# Comets



## jrista (Nov 27, 2013)

Well, this seems to be the month of comets. In addition to Encke, ISON, and the new Lovejoy, four other comets were discovered this month (C/2013 V1 (BOATTINI), C/2013 V2 (BORISOV), C/2013 V3 (NEVSKI), C/2013 V5 (OUKAIMEDEN)). Nevski and Oukaimenden are moving right along. Nevski is passing by the constellation Leo, and Oukaimeden is approaching Jupiter in the sky. Not sure if/when they might put on a show, but currently, we have Encke (a main belt periodic), ISON and Lovejoy sharing the sky and putting on a show for at least binoculars and telescopes.

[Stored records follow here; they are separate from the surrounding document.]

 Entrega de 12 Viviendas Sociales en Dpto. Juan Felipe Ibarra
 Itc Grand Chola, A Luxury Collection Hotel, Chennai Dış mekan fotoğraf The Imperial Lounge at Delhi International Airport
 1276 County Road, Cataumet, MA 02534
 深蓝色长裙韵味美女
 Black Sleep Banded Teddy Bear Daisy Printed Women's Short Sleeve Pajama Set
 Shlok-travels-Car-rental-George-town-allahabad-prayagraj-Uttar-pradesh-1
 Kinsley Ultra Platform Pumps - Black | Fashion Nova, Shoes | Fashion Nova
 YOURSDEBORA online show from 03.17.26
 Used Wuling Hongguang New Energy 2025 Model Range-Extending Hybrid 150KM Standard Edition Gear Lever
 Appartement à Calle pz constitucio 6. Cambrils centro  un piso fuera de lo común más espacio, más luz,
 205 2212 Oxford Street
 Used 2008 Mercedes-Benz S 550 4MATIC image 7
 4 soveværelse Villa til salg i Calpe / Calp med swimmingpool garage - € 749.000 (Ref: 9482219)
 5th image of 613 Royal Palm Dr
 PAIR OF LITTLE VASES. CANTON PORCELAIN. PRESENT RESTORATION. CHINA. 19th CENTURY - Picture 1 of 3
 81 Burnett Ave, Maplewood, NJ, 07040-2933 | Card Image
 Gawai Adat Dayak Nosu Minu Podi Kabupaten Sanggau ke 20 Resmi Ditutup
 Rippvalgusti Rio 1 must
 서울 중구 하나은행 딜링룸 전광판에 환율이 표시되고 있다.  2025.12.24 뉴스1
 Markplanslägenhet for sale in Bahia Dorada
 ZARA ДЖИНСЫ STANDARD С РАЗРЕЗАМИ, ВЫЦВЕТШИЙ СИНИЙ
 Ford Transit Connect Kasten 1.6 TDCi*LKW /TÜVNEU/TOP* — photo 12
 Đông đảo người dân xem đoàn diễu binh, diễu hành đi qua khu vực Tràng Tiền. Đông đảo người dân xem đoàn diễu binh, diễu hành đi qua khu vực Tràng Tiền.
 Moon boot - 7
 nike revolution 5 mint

Given the plethora of cometary beauties moving through the skies right now, I thought it might be worth it to start a Comet thread. I had originally intended to have a Celestron EdgeHD 11" with their DX equatorial tracking mount...but circumstances have left me with only a 600mm f/4 lens. Not particularly ideal, but it allowed me to get a basic shot of Lovejoy:







If you've been photographing comets (especially if you have a tracking mount and a telescope), post em here! Would love to see them!


----------



## StudentOfLight (Dec 3, 2013)

Thanks for the info. I really need to start planning a trip out into the bush.


----------